YOUR INSTRUCTIONS
Both ends included, set down the lines from the line containing "this 640×480 image." through the last line of the records below, without pictures.

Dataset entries
────────

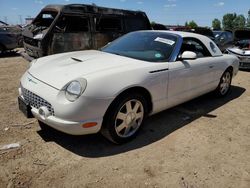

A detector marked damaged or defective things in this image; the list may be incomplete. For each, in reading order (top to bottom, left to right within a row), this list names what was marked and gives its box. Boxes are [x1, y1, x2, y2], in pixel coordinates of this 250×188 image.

burnt vehicle [0, 20, 22, 53]
wrecked vehicle [0, 21, 22, 54]
damaged car [0, 21, 22, 54]
burnt vehicle [22, 3, 150, 58]
damaged car [22, 3, 150, 58]
wrecked vehicle [22, 4, 150, 58]
burnt vehicle [212, 30, 233, 51]
wrecked vehicle [227, 29, 250, 69]
burnt vehicle [227, 29, 250, 69]
damaged car [228, 29, 250, 69]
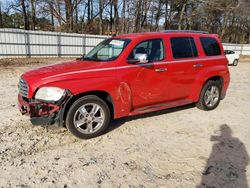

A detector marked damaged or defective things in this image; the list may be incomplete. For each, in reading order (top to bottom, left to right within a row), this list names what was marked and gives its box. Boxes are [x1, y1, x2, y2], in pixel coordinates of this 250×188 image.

bumper damage [17, 91, 72, 126]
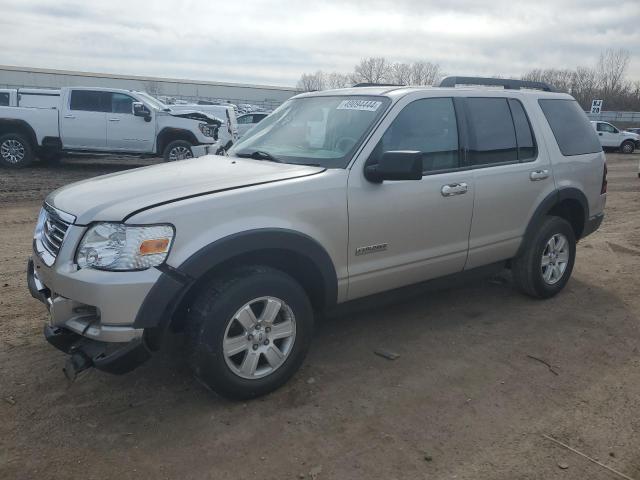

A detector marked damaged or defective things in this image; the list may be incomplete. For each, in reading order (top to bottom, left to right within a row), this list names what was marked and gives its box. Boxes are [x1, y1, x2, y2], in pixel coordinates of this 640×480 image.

damaged front bumper [28, 256, 152, 376]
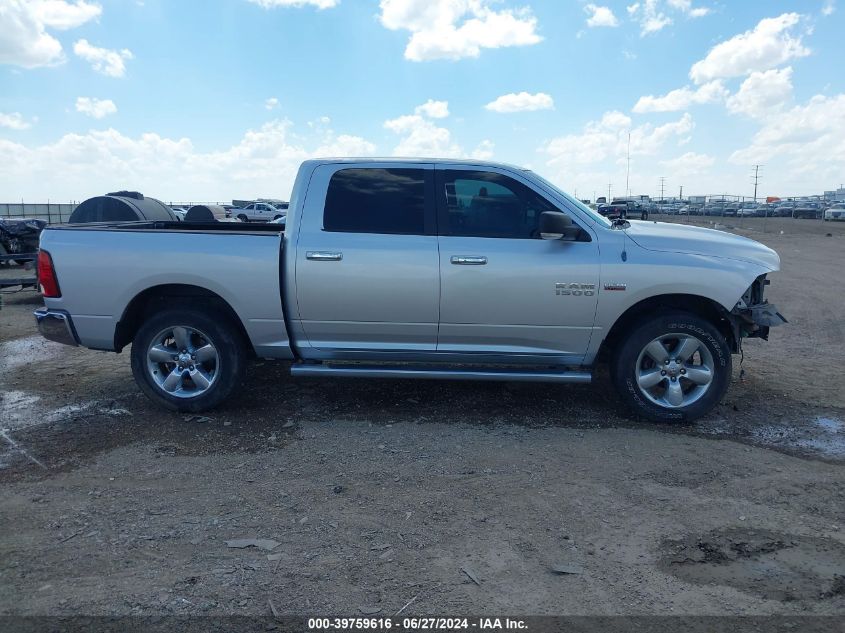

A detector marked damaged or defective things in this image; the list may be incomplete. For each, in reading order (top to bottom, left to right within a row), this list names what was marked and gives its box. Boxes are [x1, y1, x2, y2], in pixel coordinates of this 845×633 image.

damaged front end [728, 272, 788, 340]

────────

SOLVED PROBLEM
A detector marked damaged or defective things in this image; the list may be incomplete. For each, in reading order (top to bottom, left to right within a row), this list names what was marked and gives its box. Boxes are [x1, y1, x2, y2], in pixel coordinates of this 640×480 image.

damaged front bumper [28, 256, 152, 376]

A detector marked damaged or defective things in this image; the list may be incomplete. For each, in reading order (top to bottom, left to right within a row), this list names what was marked and gives its box. Boxes are [x1, y1, x2, y2], in pixel coordinates of this 845×633 image.

damaged front end [728, 272, 788, 340]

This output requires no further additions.